Já lhe disse: não me move nada disso. Primeiro, temos de reconstruir a nossa casa. Depois podemos pensar com quem é que vamos casar. Ou se vamos namorar, ou simplesmente jantar fora, ou simplesmente jantar fora.
Nesse namoro, tem defendido que não deve ser excluído um apoio parlamentar com o Chega. Só é possível ao PSD voltar ser o Governo se tiver o apoio parlamentar de Chega e Iniciativa Liberal?
Não.
Acredita que é possível uma maioria absoluta?
O PSD tem de ter sempre o foco de ser um partido maioritário. Não sendo maioritário, ser o maior possível para depender o mínimo de coligações. Depois, há muitas variáveis: nos Açores, foi um formato; em Lisboa, está a ser um formato diferente; a Ayuso, em Madrid, foi um formato similar ao dos Açores.
“Admito um Governo com qualquer força partidária do centro-direita. O Chega é de centro-direita”
Para ser absolutamente claro: admite um Governo com o Chega?
No final do dia, o que é importante é que o futuro programa de governo não defraude as expectativas de quem votou no programa eleitoral. Se este programa de governo refletir as legítimas expectativas de quem votou no PSD, as tais linhas vermelhas num programa de governo defendido e liderado pelo PSD, então, todos são bem-vindos a fazer parte desse governo naquilo que Ayuso dizia no prefácio do meu livro ser um governo capaz de juntar conservadores, liberais-sociais, democratas-cristãos, moderno, carismático, criativo, inovador, mobilizador.

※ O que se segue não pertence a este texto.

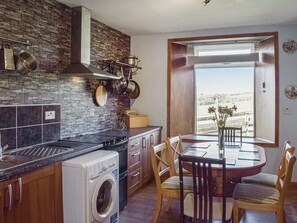 Kitchen/diner | Old Barn Cottage - Cow Boy Holidays, Glasgow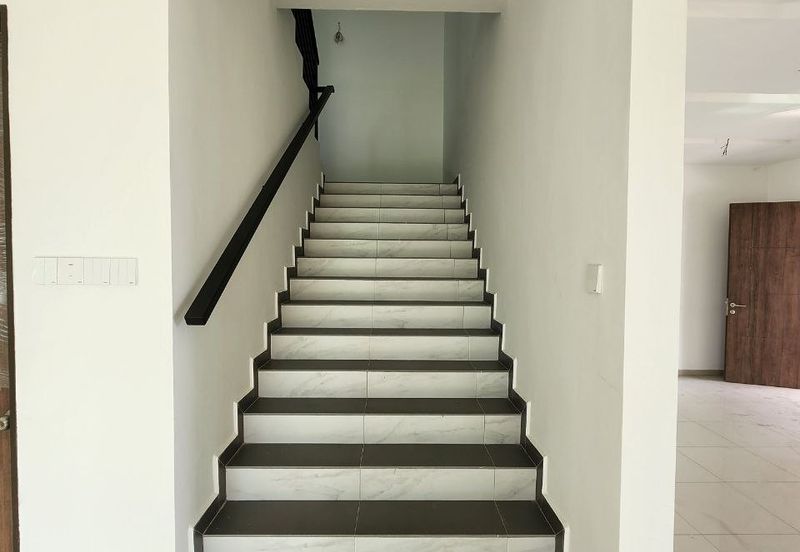 Pengkalan Station 18 Double Storey Bungalow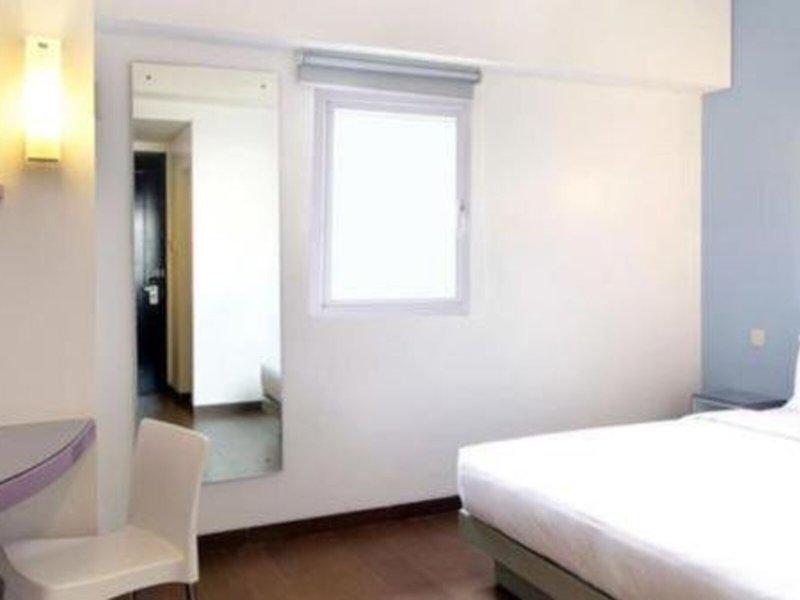 9663EC4B891F1A7A5F1EAC1E0168DEB7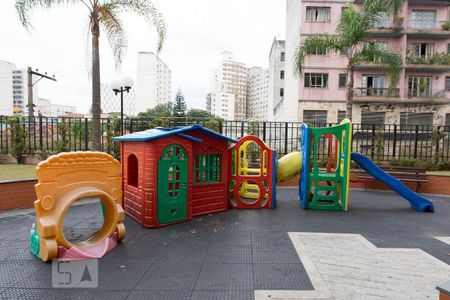 Apartamento à venda com 70m², 3 quartos e 1 vaga Apartamento à venda com 70m², 3 quartos e 1 vagaPlayground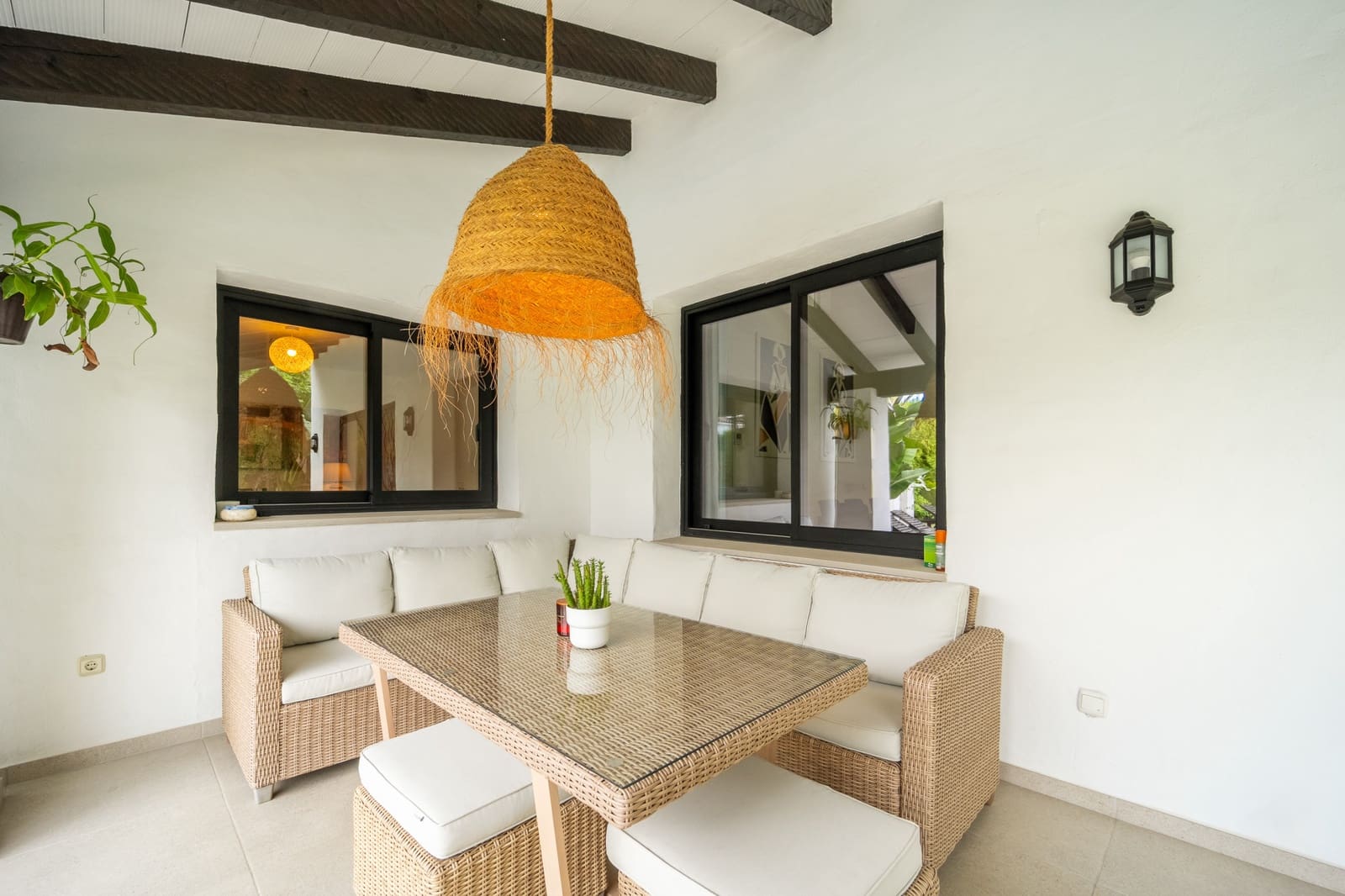4 bedroom Villa for rent in Estepona with pool garage - € 8,000 (Ref: 10158323)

Não percebi. Governo PSD com o Chega ou sem Chega?
Se o programa de Governo, para ser viabilizado na Assembleia da República, depender de um conjunto de partidos de centro-direita que não defraude as expectativas do programa eleitoral do PSD, com as tais linhas vermelhas de que o PSD não abdica, tudo bem.

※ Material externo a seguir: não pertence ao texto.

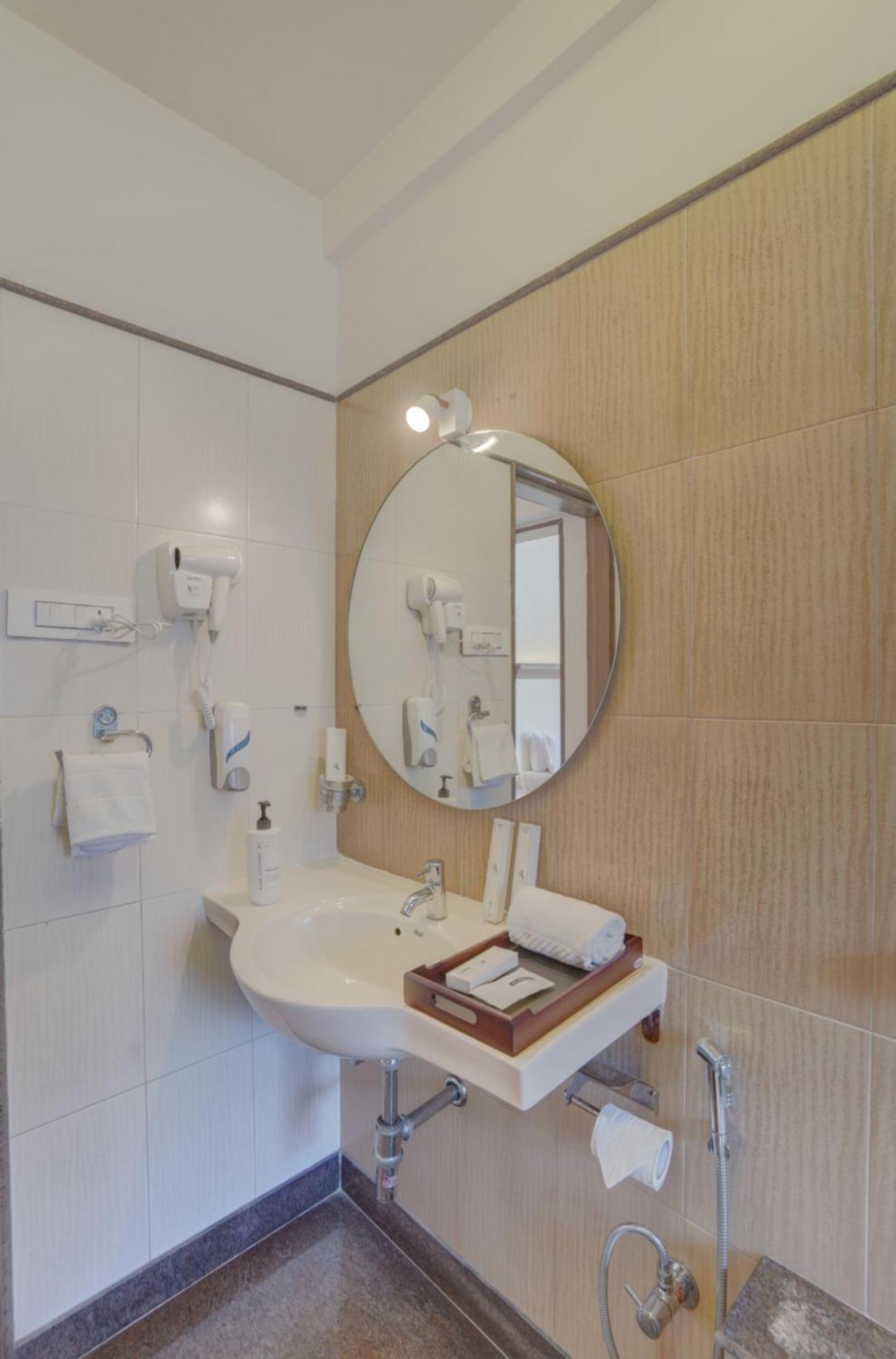 Alaya Adarsh Elegant 3-bhk With Private Pool Villa Lonavala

Porque é que tão difícil dizer que admite um Governo do PSD com o Chega dentro?
Não é difícil. Estou a dizer-lhe que admito um Governo com qualquer força partidária do centro-direita.
O Chega é de centro-direita?
Diga-me.
A pergunta é colocada a si.
Acho que não estou numa aula de ciência política. Acho que vocês sabem que o Chega é um partido de centro-direita. Se é para o soundbite, não têm o soundbite. O soundbite é este: o PSD tem de estar disponível para não defraudar as expectativas dos portugueses, se os portugueses lhe conferirem um mandato para formar governo e se para esse governo precisar de fazer alianças no centro-direita não abdicando dos seus valores fundacionais, o PSD tem de estar ao lado dos portugueses. Foi isso que José Manuel Bolieiro fez nos Açores, não abdicou. E passou a ser um perigoso extremista de direita por ter aceitado algumas das exigências do Chega? Não passou. Ayuso fez isso em Madrid. E passou a ser uma perigosa extremista de direita por ter aceitado algumas exigências do Vox? Não passou. Não podemos ser hipócritas ao ponto de permitir a António Costa governar com extrema-esquerda, essa sim, antidemocrática, que defende o fim dos ricos e o empobrecimento coletivo, e depois abdicarmos de viabilizar governos de centro-direita com todas as forças que estão no espeto disponíveis para o fazer. Sempre com linhas vermelhas claras.
Para si, o Chega não é de extrema-direita?
Acho que é um partido extremista. É um partido extremista nas suas posições, algumas inaceitáveis do ponto de vista dos direitos humanos, no que diz respeito ao tratamento das minorias, à segurança interna e noutras matérias. Estou nos antípodas do Chega.
Qual era a primeira medida que gostava de ver o próximo líder do PSD tomar assim que entrasse em funções?
Unir o PSD. Juntar todos. Deixar muito claro que ninguém será excluído.